Solstice Bellatrix gets more than a rum and coke when she decides to meet her best friend out at the Skyline Lounge to catch up. Everything isn't as it seems when she meets a mysterious stranger and a dangerous new threat.
What the hell am I doing here?
Ice watered down my rum and coke, and Carmen still hadn’t shown up at the Skyline Lounge. Plus, she’s not returning any of my text messages.
Okay, just chill. I thought to myself.
Carmen’s stuck in traffic. Driving in downtown Tampa was a headache during the day, why wouldn’t it be just as terrible at night? One would think God’s waiting room, Florida, would at least have a slow-paced attitude; but that wasn’t the case when it came to driving in the state.
I really needed to be heading home. I had a rough day at work. And Monday would be here before long. The whole bar scene wasn’t my thing. The Skyline rooftop was swanky; white lounge chairs, tall glass tabletop stands, modern décor, sharp angles, clean lines, and 360 views of downtown more than five stories above the street. Tons of young professionals networking or catching up with friends. All except me. I kept my eye on the entrance. Then, used my tiny damp cocktail napkin to dab at the sweat that collected along my throat and the swell of my chest.
I should’ve stopped home to change into something cooler. I wore an already snug blouse that clung to my chest at this point, thanks to all my sweating, and uncomfortably stretched black work slacks that hugged my hips and thighs and were way too long for me.
It was close to ninety degrees outside around sunset when I first, arrived at the bar, and the temperature only dipped down to eighty-five or so with high humidity. Gotta love a good weather app.
Carmen blew my phone up earlier that day, hyping me up with promises of catching up after her overseas modeling gig wrapped up. She was my girl. I couldn’t say no to girls’ night. And now I was being stood up.
She knew I’d do anything for her. Even stand in heels alone at a bar, melting, while drinking overpriced watered-down alcohol.
Just go home. My inner voice told me.
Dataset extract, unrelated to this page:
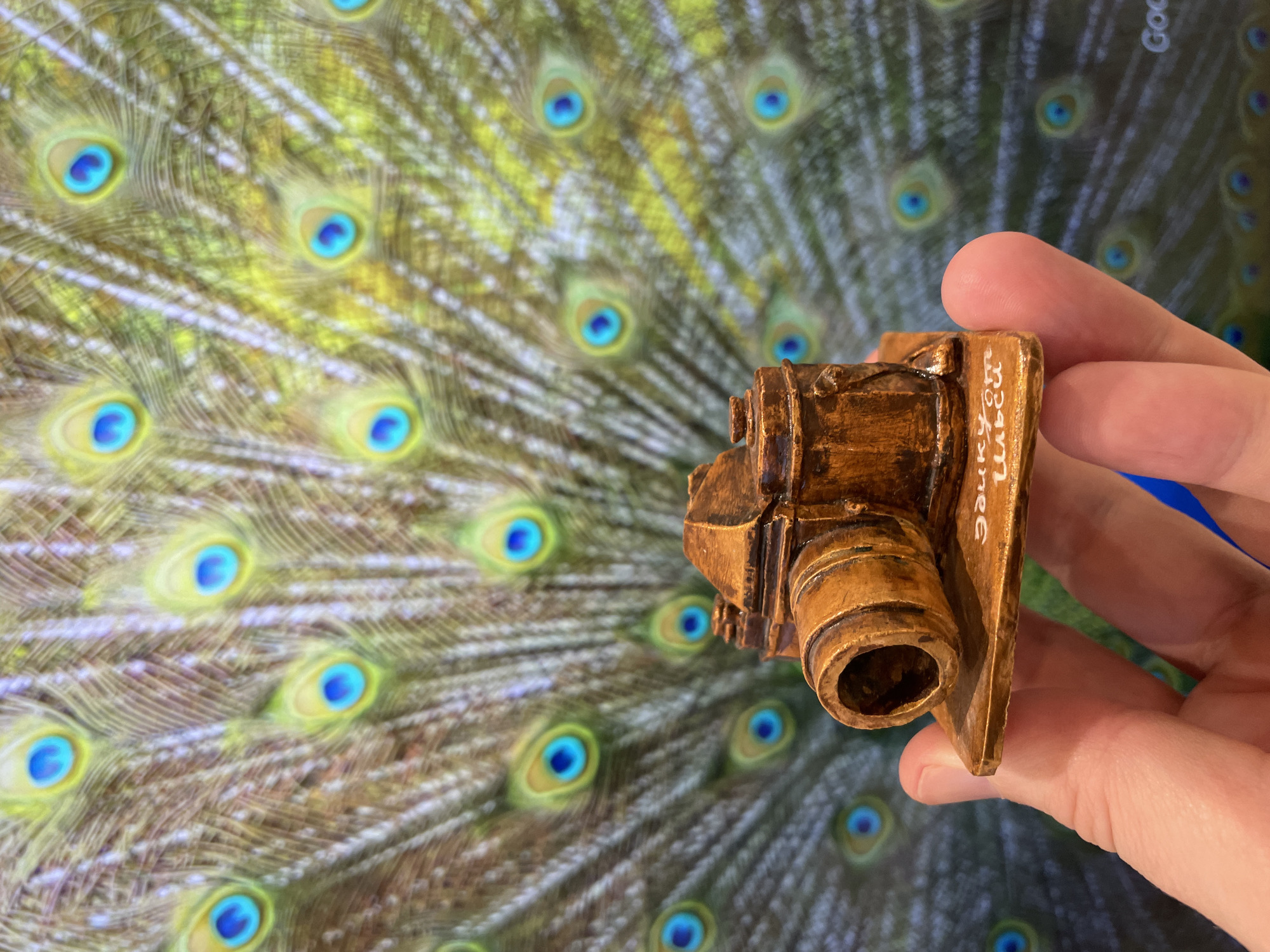 A person's hand holds a carved, bronzed miniature of a camera, positioned against the backdrop of peacock feathers displayed on a screen or wall. The backdrop suggests it may be a TV screen displaying a live feed of peacock feathers. The name "Kazan" is discernible on the camera. The location is Kazan, Russia.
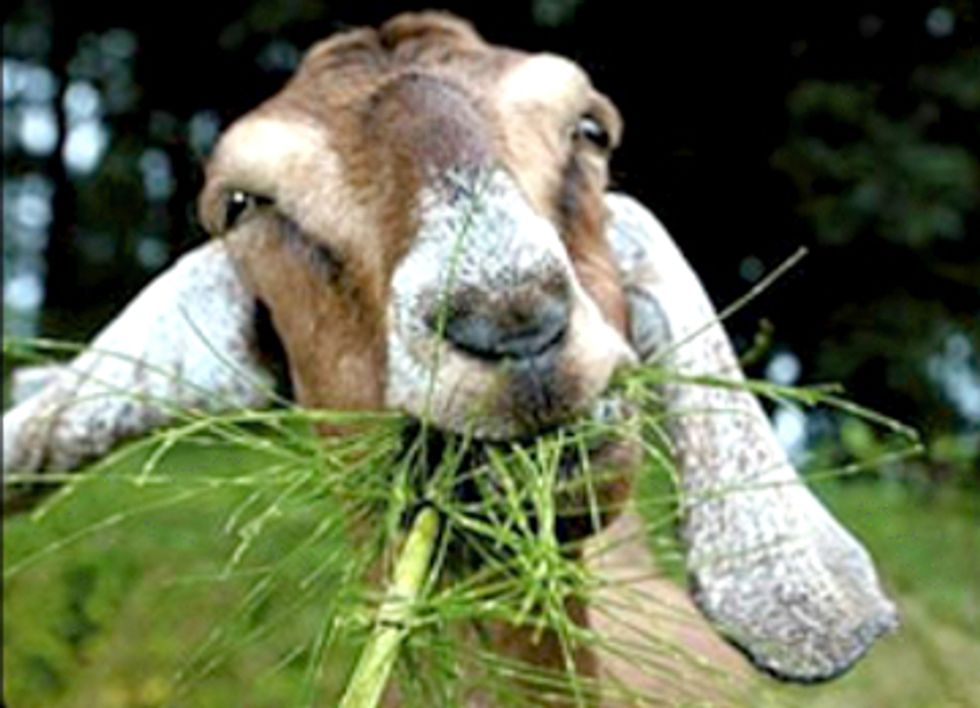 Weed Eating Goats Used to Reduce Risk of California Wildfires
You don’t belong here.
Couples leaned in close at tall tables, whispering secrets while gazing at the cityscape. Groups of friends were celebrating loudly near the VIP booths as drinks were poured and downed just as quickly. And I stuck out, but not in a good way.
She gets fifteen more minutes. If Carm’s a no-show; I’m out.
Music livened up my dull, steamy, late evening.
I wanted to freshen up my drink. Just needed to grab the bartender’s attention. He was on one side of the bar serving a group of guys in business casual work clothes. When the bartender, finally, turned in my direction, I reached out my hand to wave him over but was rudely interrupted.
“Rum and coke, light ice.” A firm male’s voice yelled from beside me. He blatantly stole my bartender’s attention. I glanced over at him, considering whether to confront this guy about his lack of common decency. Assertive was not my middle name. Hiding in a crowd of people to avoid being noticed was more my speed. I gnawed on the inside of my cheeks. Timidity won. I’m as spineless as they came.